As much as I’d like to deny it, I’m a steadfast camper in the Imagine the Worst-Case Scenario Camp. Every time I drive over one of the Bay bridges, I can’t help but think, “What if I suddenly loose control of the car and careen over the guard rail into the shark-infested waters?” (Anyone else with me on this one?)
You can probably imagine how my mind reeled when we recently had not two, but three minor earthquakes here in the Bay Area. What if I get trapped in the rubble of our apartment? What if I can’t remember Sam’s phone number? What if someone tries to break in and steal our food? With the news of the recent earthquakes in Turkey and Peru, these questions became more urgent.
I know I can’t live my days worrying about the big one. I also know that it would be foolish to shrug aside the possibility of a natural disaster and not be prepared. We already own two small earthquakes kits complete with 2400 calorie bricks…err…bars and water in plastic packets, but I thought it would be good to round out our emergency food supply with things I would actually enjoy eating.

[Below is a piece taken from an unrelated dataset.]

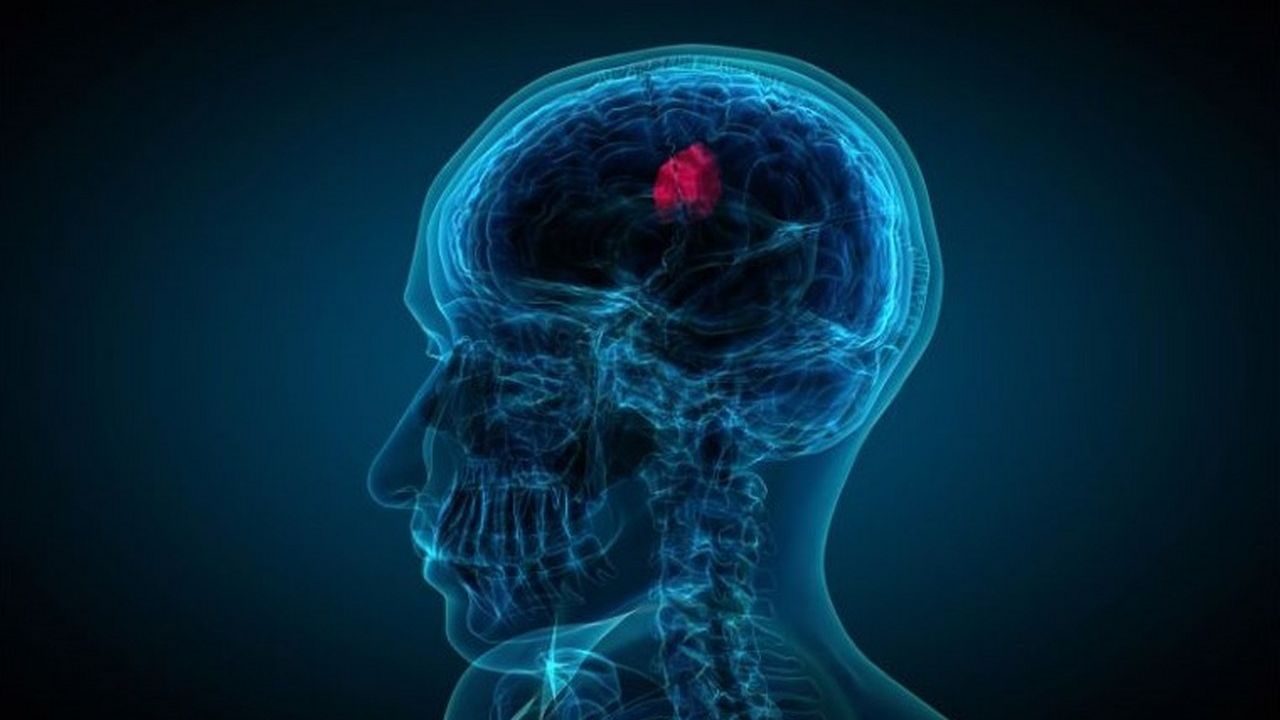 Riskli ve sinsi: Beyin Sisi Hastalığı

My main goal while picking out food was to only buy food that we wouldn’t mind eating anyway. This meant skipping the Vienna sausages and Chef Boyardee ravioli in favor of lentil soup and chickpeas. When I got home, I made a list on Excel of the emergency food and expiration dates. I’ve posted this list inside a kitchen cupboard, and we’ll eat the food that is nearing expiration and replenish accordingly.
Quick Tips for Planning Your Emergency Food Stash*
- Buy food that you actually like eating
- Buy low-sodium food because you should not eat items that increase thirst
- Include comfort food items (e.g. cookies)
- Create a list of your emergency food items and replenish as the foods expire
- Visit 72hours.gov to learn how to built your own emergency kit
72hours.gov recommends having at least a 3 gallon supply of water for each person in the household. Last week I bought 2 (2.5-gallon) jugs of water from Safeway and would like to buy a reusable BPA-free water jugs, such as this one from REI.
In addition to food prep, I also solidified my emergency meeting spot with Sam and created a list of our family members’ phone numbers. I printed it out and put it with our earthquake kit, and my brother put it on a shared Google doc for all of us to access online. I’m also working on memorizing important phone numbers; so far I know Sam’s, my mom’s and my dad’s. It’s crazy what the speed dial function on my cell phone has done to the number of phone numbers I have memorized.
Whew! That’s a lot! What are you doing to make sure you’re prepared if there’s an emergency? Any quick tips I should add to my list?
*Please note: This list is not meant to be your primary guide for preparing for an emergency. For a more comprehensive guide to emergency preparedness, visit a site such as 72hours.gov, FEMA, or The American Red Cross.